Render Layout & Views

When using the SDK for rendering, the render layout is the highest-level element of organization. Most apps will typically only use a single layout but multiple layouts can be switched on the fly as well. A layout contains one or more views that are positioned in the pixel space of the render layout. For most use cases, a single view represents everything that is needed for an application: each view has its own active camera, a reference to a scene, its own set of view augmentations and input handlers.

So why should one use multiple views in a single layout? A view can either be used to show the same scene from a different camera (e.g. a top and side view simultaneously) or show multiple scenes on a unified render surface (e.g. comparing two parts). Each view can also have independent view augmentations.

A view augmentation is a mechanism to add elements to the rendering without having to modify the user’s scene data or hard code rendering passes in the render-backend. Examples are the selection highlight, normal visualization or the transformation gizmo. The latter is particularly interesting because a transformation gizmo consists of two parts: the rendering and the input handling. In Core SDK this is done by two classes that communicate with each other: A view augmentation and and input handler.

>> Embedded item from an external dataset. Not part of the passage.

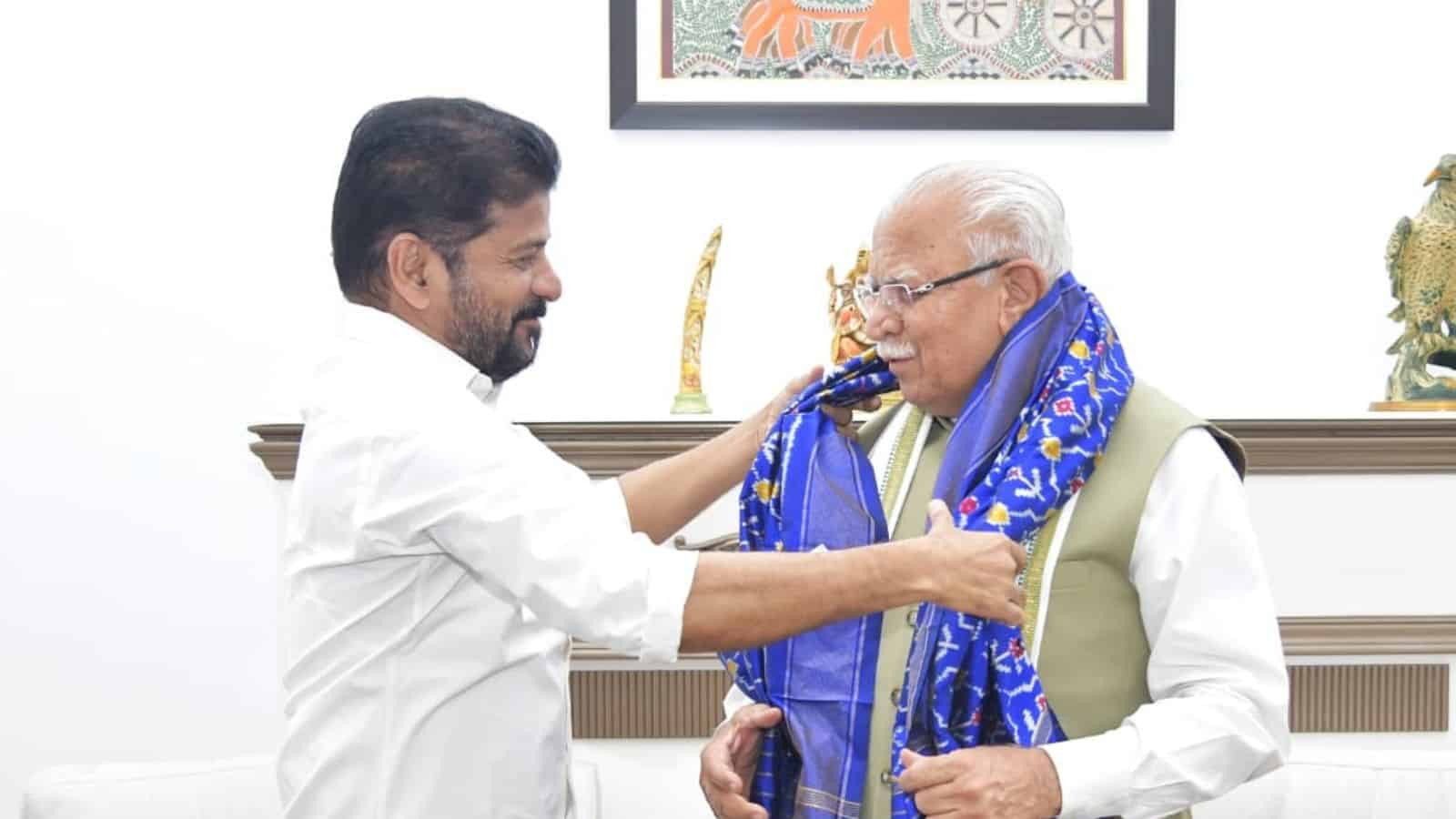The image shows Telangana CM A Revanth Reddy meeting Union Minister for Urban Affairs Manohar Lal Khattar in Delhi to discuss Hyderabad Metro project's Phase 2 and 3 on Wednesday, May 6, 2026.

Renderlayout architecture example — An example of a 2×2 display wall with an independent touch sensor hardware

Input Mapping

An input handler receives input events (mouse, keyboard, touch, pen, etc) from the render layout and performs some actions. For example, the SDK contains multiple implementations that represent different forms of navigations. For example, one input handler might interpret key strokes as a way for the user to fly through the scene, another might interpret mouse movement to do an arc-ball rotation around the object. In case of the transformation gizmo, the input handler listens for touch events and figures out whether the gizmo itself or some other part of the scene was hit. To make things easy, the handler does not have to interpret raw touch data but can use the included gesture handlers as well. A gesture handler (such as the tap, drag or pinch gesture) interprets multi-touch event and translates them into easier to use events and values (e.g. an start pinch / end pinch event and the amount of pinching).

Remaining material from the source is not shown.